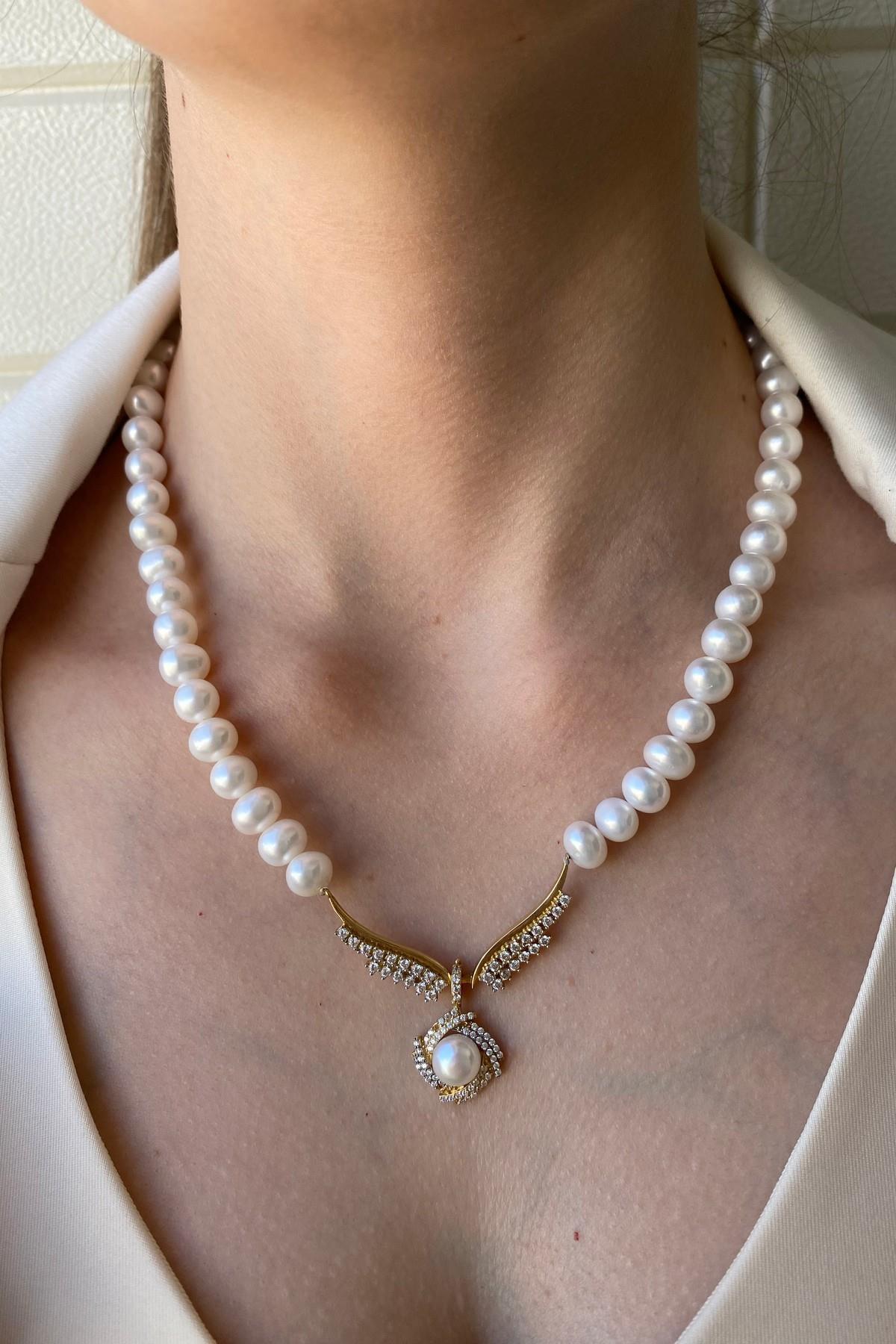 Rüzgar Gülü Doğal İnci Kolye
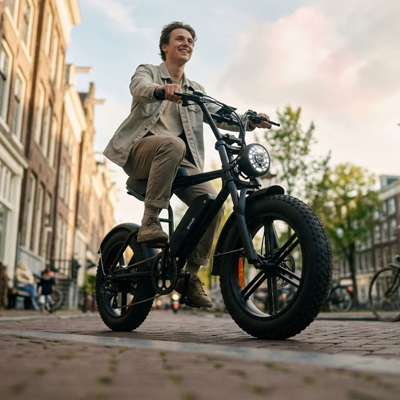 Bicicleta eléctrica de acero con neumáticos anchos Bicicleta eléctrica de acero con neumáticos anchos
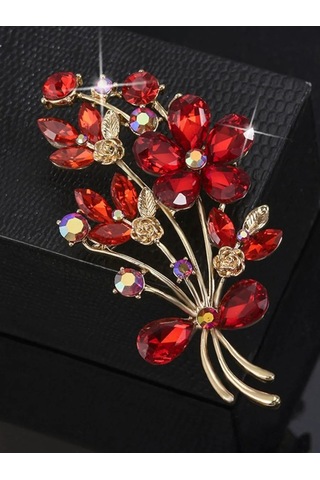 Fashion Jewelry Çiçek Buketi Broş 359376287 Kırmızı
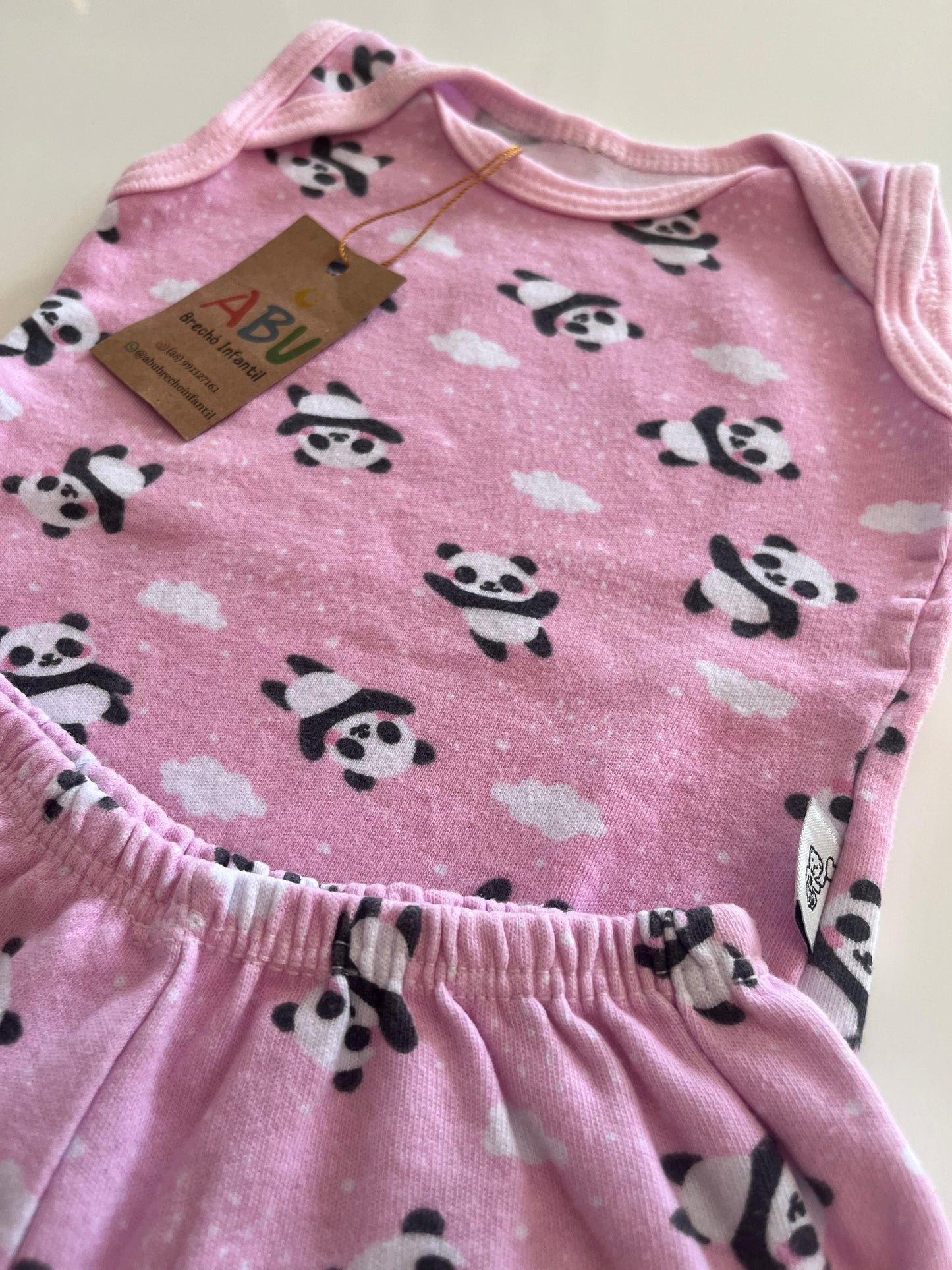 Conjunto Bebe Menina Panda Body e Short Curto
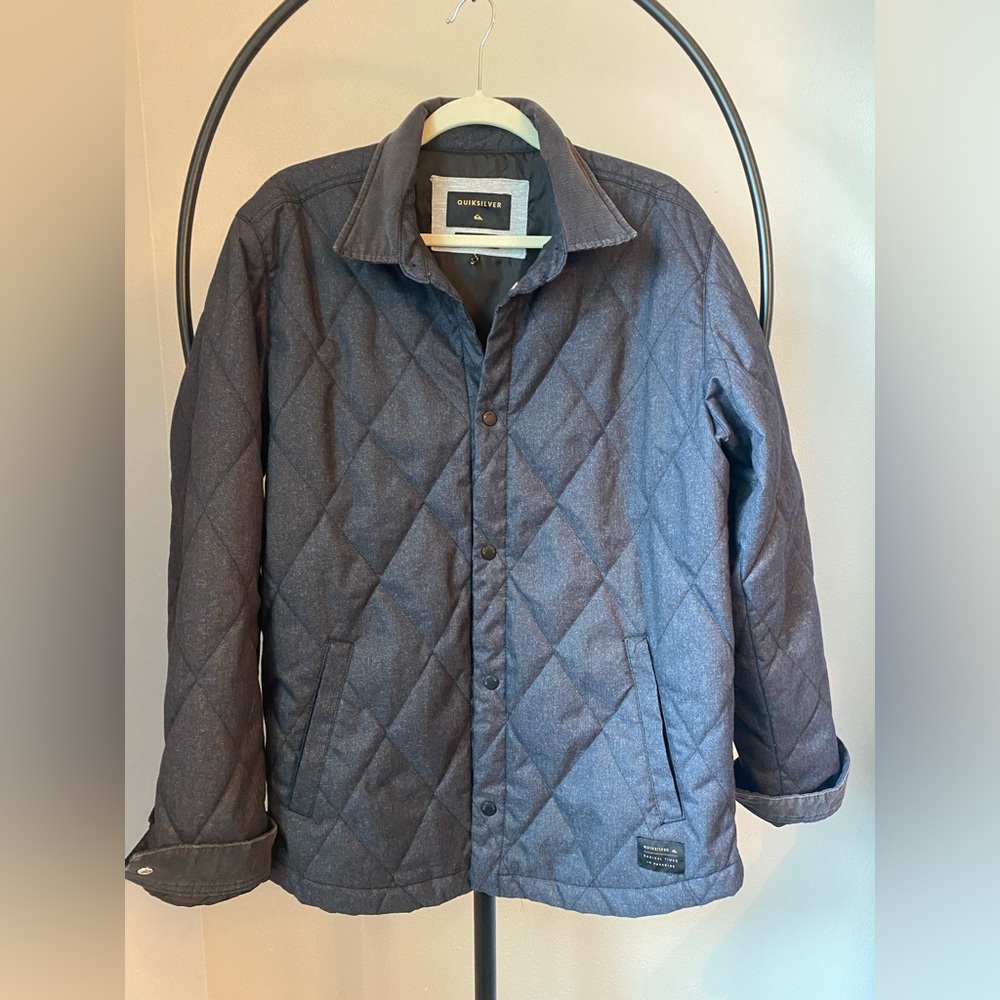 Quiksilver Men's Medium Grey Quilted Snap Front Jacket Coat Casual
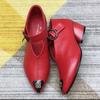 2024 Fashion Women Boots Casual Leather Designer V Shape Woman Pointed Toe Rubber Ankle Boots Black Red Zapatos Mujer
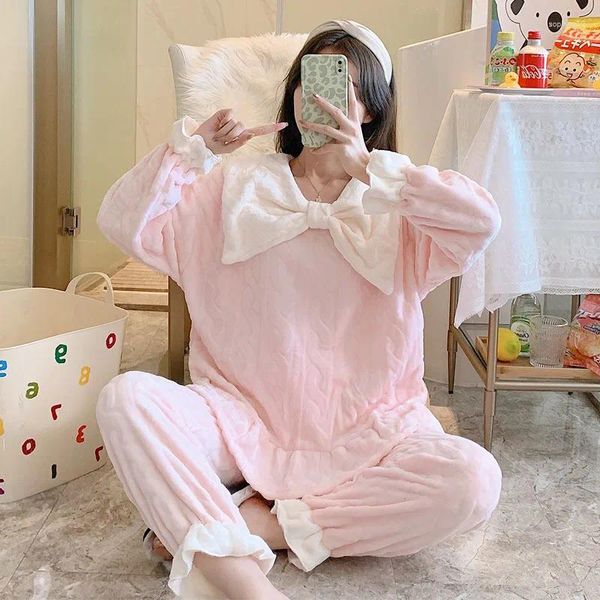 Roupa em casa Rosa coloração de retalhos de coloração Conjunto de lingerie íntima feminino coral lã de lã de sono 2pcs pijamas terno de manga longa pijamas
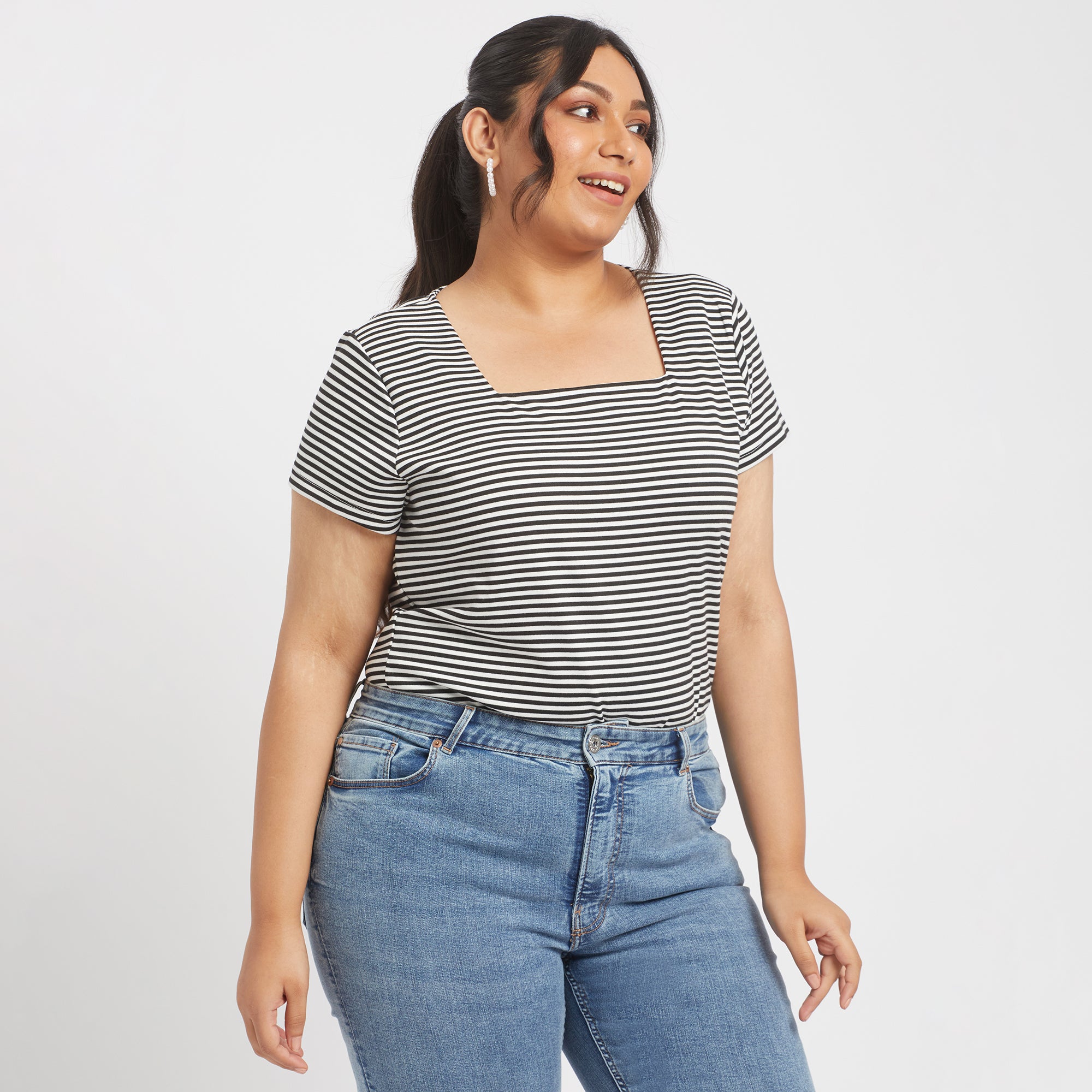 Monochrome striped plus size square neck top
|---|
Copy word for word the lines of the records above from the one with "Quiksilver Men's Medium" up to and including the one with "Roupa em casa". Skip the pictures.

 Quiksilver Men's Medium Grey Quilted Snap Front Jacket Coat Casual
 2024 Fashion Women Boots Casual Leather Designer V Shape Woman Pointed Toe Rubber Ankle Boots Black Red Zapatos Mujer
 Roupa em casa Rosa coloração de retalhos de coloração Conjunto de lingerie íntima feminino coral lã de lã de sono 2pcs pijamas terno de manga longa pijamas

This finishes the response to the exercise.